Beginning with the line that includes "Oxford Handbook of" and ending with the last line of the entries below, set down each line exactly; include no pictures.

Short descriptive text snippets:
........

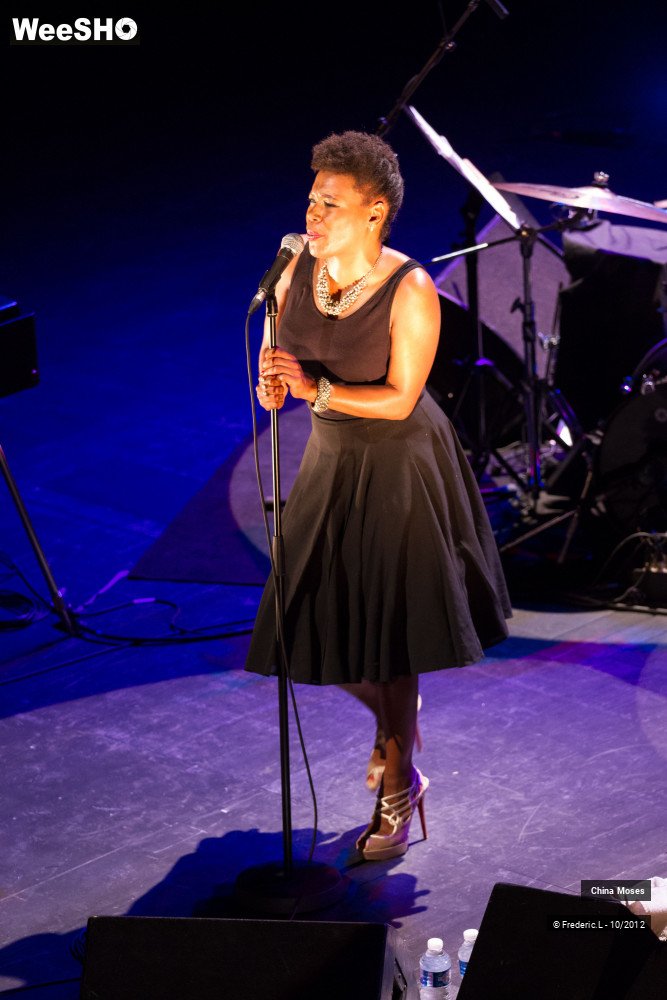 28/35 photos du spectacle China Moses et Raphaël Lemonnier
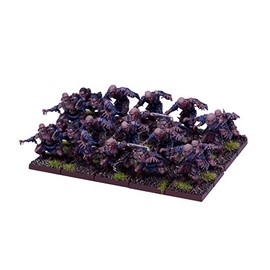 mantic Ghoul Regiment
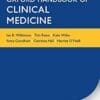 Oxford Handbook of Clinical Medicine, 10th Edition (previous edition; grade A-)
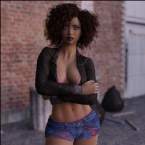 Lunas fall from grace (18+)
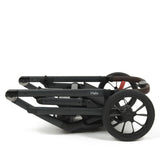 Zummi Halo Single to Double Travel System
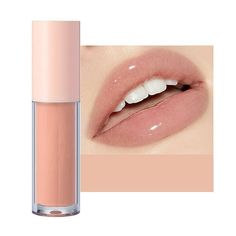 Moisturizing and Moisturizing Candy Lip Glaze Face Pearl Lip Color 12 Pigment Lip Oil 3.5ml Material: ABS Color: as the picture shows, (Due to the difference between different monitors, the picture may have slight color difference. please make sure you do not mind before ordering, Thank you!) (Please allow 1-3mm error due to manual measurement. please make sure you do not mind before ordering.) Lip Gloss Long Tip Lip Gloss Flavo Roll on Kissing Roll on Lip Gloss Vintage 28 Lip Tint Candy Lip Plu Pampering Ideas, Baby Lips Gloss, Peach Lip Gloss, Plumping Lipstick, Lip Gloss Containers, Revlon Super Lustrous Lipstick, Candy Lips, Peach Lips, Tinted Lip Gloss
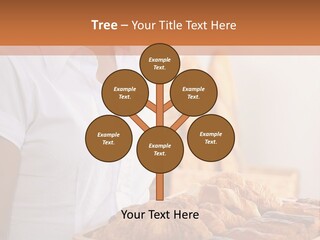 Bread Loaf Fresh PowerPoint Template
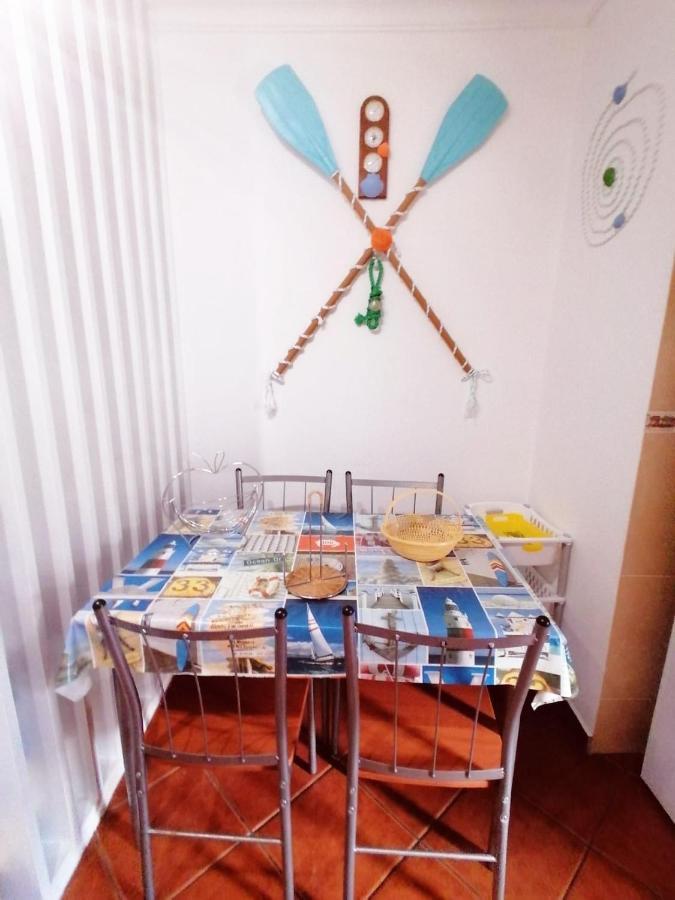 Casa Da Annie Lejlighed Monte Gordo Eksteriør billede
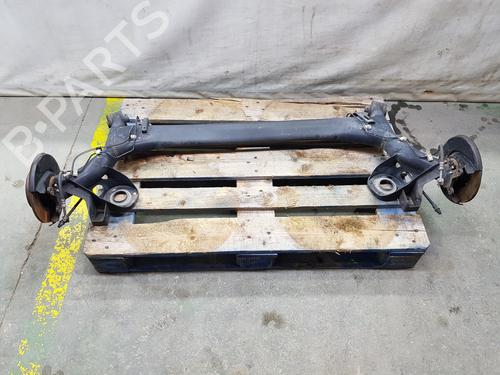 Hinterachse für Hinterachse AUDI A1 Sportback (8XA, 8XF) [2011-2019] 36276730 36276730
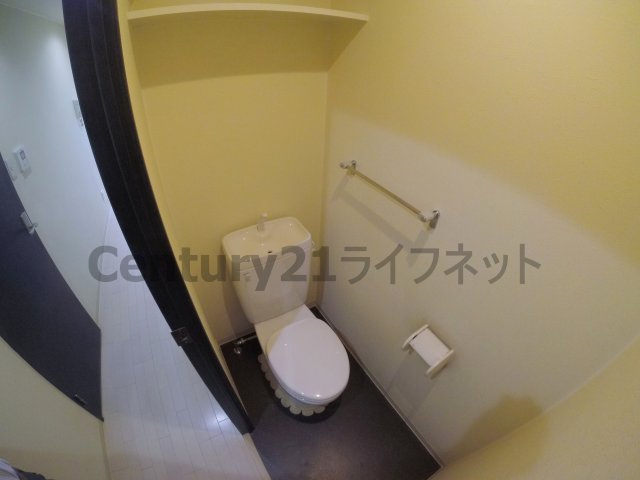 【トイレ】 | ウィスタリア新北野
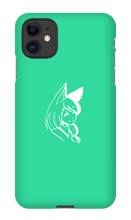 Nagia iPhone Case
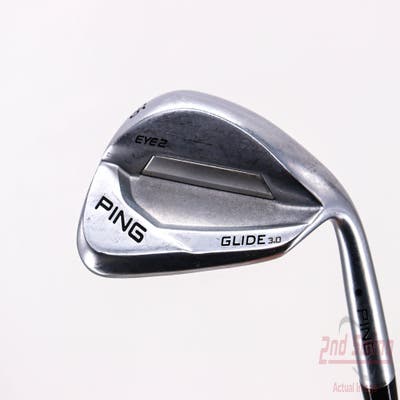 Ping Glide 3.0 Wedge Sand SW 56° 10 Deg Bounce Z-Z 115 Wedge Steel Wedge Flex Right Handed Black Dot 35.5in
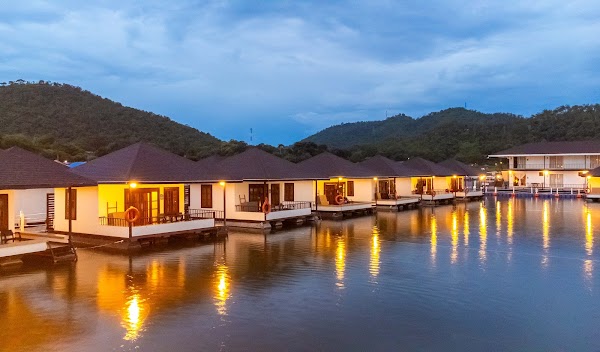 Lake Heaven Resort & Park 1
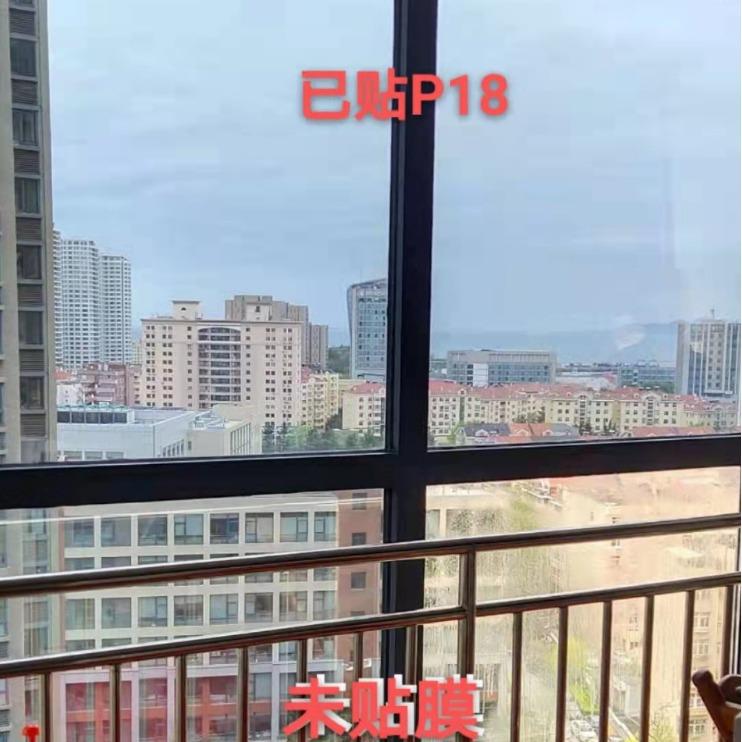 3M隔热膜P18ARL 西晒阳光房太阳膜玻璃贴膜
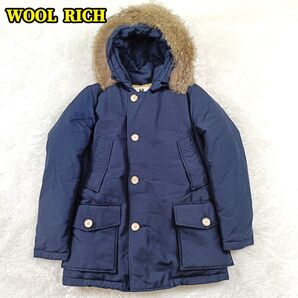 WOOLRICH ウールリッチ ARCTICPARKA アークティックパーカ コヨーテファー ダウンジャケット WOCPS2919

........

▸ **Solution**
 Oxford Handbook of Clinical Medicine, 10th Edition (previous edition; grade A-)
 Lunas fall from grace (18+)
 Zummi Halo Single to Double Travel System
 Moisturizing and Moisturizing Candy Lip Glaze Face Pearl Lip Color 12 Pigment Lip Oil 3.5ml Material: ABS Color: as the picture shows, (Due to the difference between different monitors, the picture may have slight color difference. please make sure you do not mind before ordering, Thank you!) (Please allow 1-3mm error due to manual measurement. please make sure you do not mind before ordering.) Lip Gloss Long Tip Lip Gloss Flavo Roll on Kissing Roll on Lip Gloss Vintage 28 Lip Tint Candy Lip Plu Pampering Ideas, Baby Lips Gloss, Peach Lip Gloss, Plumping Lipstick, Lip Gloss Containers, Revlon Super Lustrous Lipstick, Candy Lips, Peach Lips, Tinted Lip Gloss
 Bread Loaf Fresh PowerPoint Template
 Casa Da Annie Lejlighed Monte Gordo Eksteriør billede
 Hinterachse für Hinterachse AUDI A1 Sportback (8XA, 8XF) [2011-2019] 36276730 36276730
 【トイレ】 | ウィスタリア新北野
 Nagia iPhone Case
 Ping Glide 3.0 Wedge Sand SW 56° 10 Deg Bounce Z-Z 115 Wedge Steel Wedge Flex Right Handed Black Dot 35.5in
 Lake Heaven Resort & Park 1
 3M隔热膜P18ARL 西晒阳光房太阳膜玻璃贴膜
 WOOLRICH ウールリッチ ARCTICPARKA アークティックパーカ コヨーテファー ダウンジャケット WOCPS2919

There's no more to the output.